The Challenge
We encounter amazing books everywhere: coffee shops, hotel lobbies, friends' homes. But we forget them by the time we get home.
Writing down titles by hand is tedious. And those massive personal libraries? Nobody has time to catalog hundreds of books manually.
The Approach
Your phone is always with you. A photo captures everything in seconds.
Instead of making you do the work of identifying and organizing, let intelligence handle the recognition while you simply point and shoot.
The Solution
A visual book scanner that reads your bookshelves for you. One photo captures dozens of books at once.
Each scan saves to your personal collection, creating a searchable history of every bookshelf you've ever photographed.
The Outcome
Book lovers now capture entire libraries in moments. That interesting shelf at a dinner party? Photographed and cataloged before dessert.
Personal collection of 500 books?
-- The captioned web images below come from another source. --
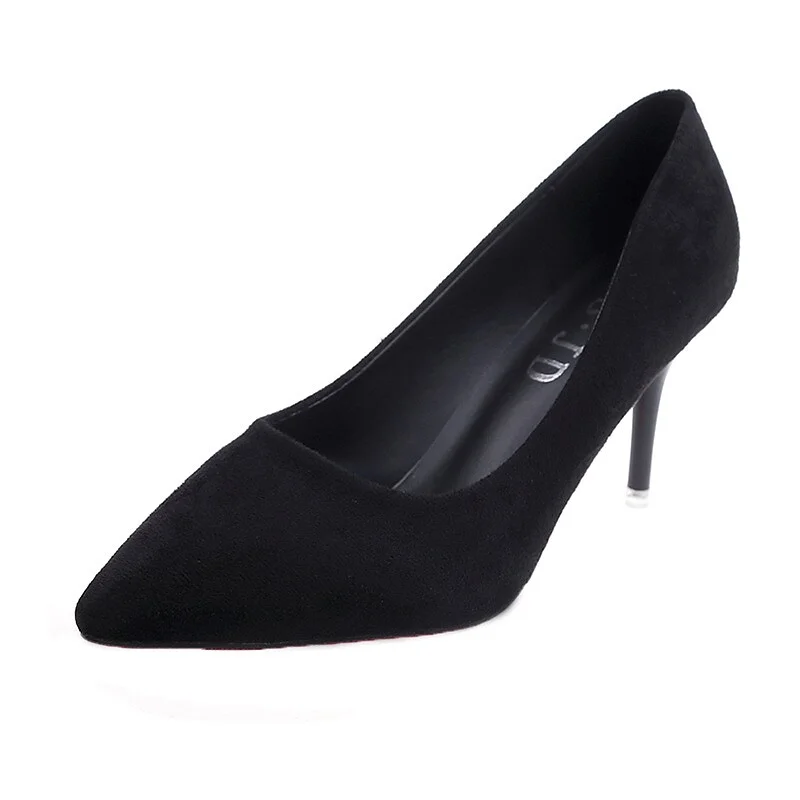 Women's Heels Plus Size Work Daily Stiletto Heel Pointed Toe Elegant Casual Minimalism Satin Loafer Solid Color Black 5cm Black 7cm | IFYHOME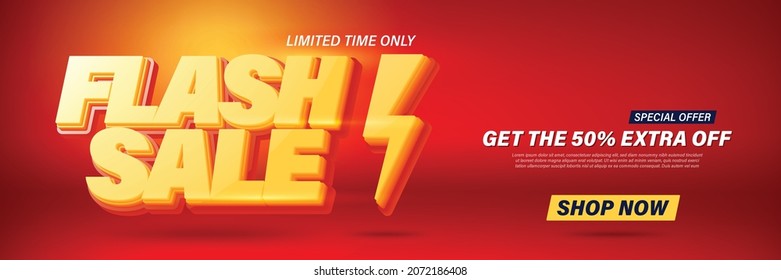 Flash sale banner template design for web or social media.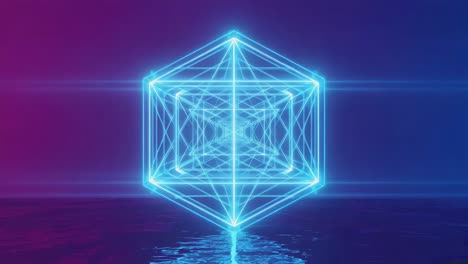 abstract neon cube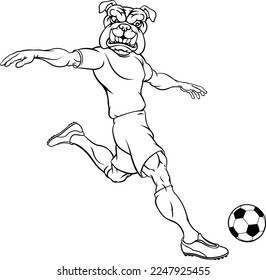 A bulldog soccer football player cartoon animal sports mascot kicking the ball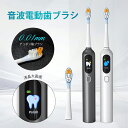 【驚きの直降1000円！今がチャンス！】【選べる特典付き】【デュポン製ブラシ・0.01mm超極細毛】電動歯ブラシ 音波式 超音波振動 IPX7防水 静音 Type-C充電式 液晶大画面 歯垢除去 160日使用 2本 替えブラシ付 歯磨き 歯ぶらし はぶらし 大人 母の日 ギフト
Documented in an afternoon instead of a weekend.
What I Learned
Friction kills adoption. The faster someone can go from "I want to remember this book" to "done," the more they'll actually use it. Every extra step loses users.
Context matters more than features. People don't want a book database. They want to remember discoveries. Building around that moment of curiosity, not around data management, changes everything.
Security is invisible when done right. Users shouldn't have to think about password safety. Building proper token-based authentication means they can focus on books, not worry about accounts.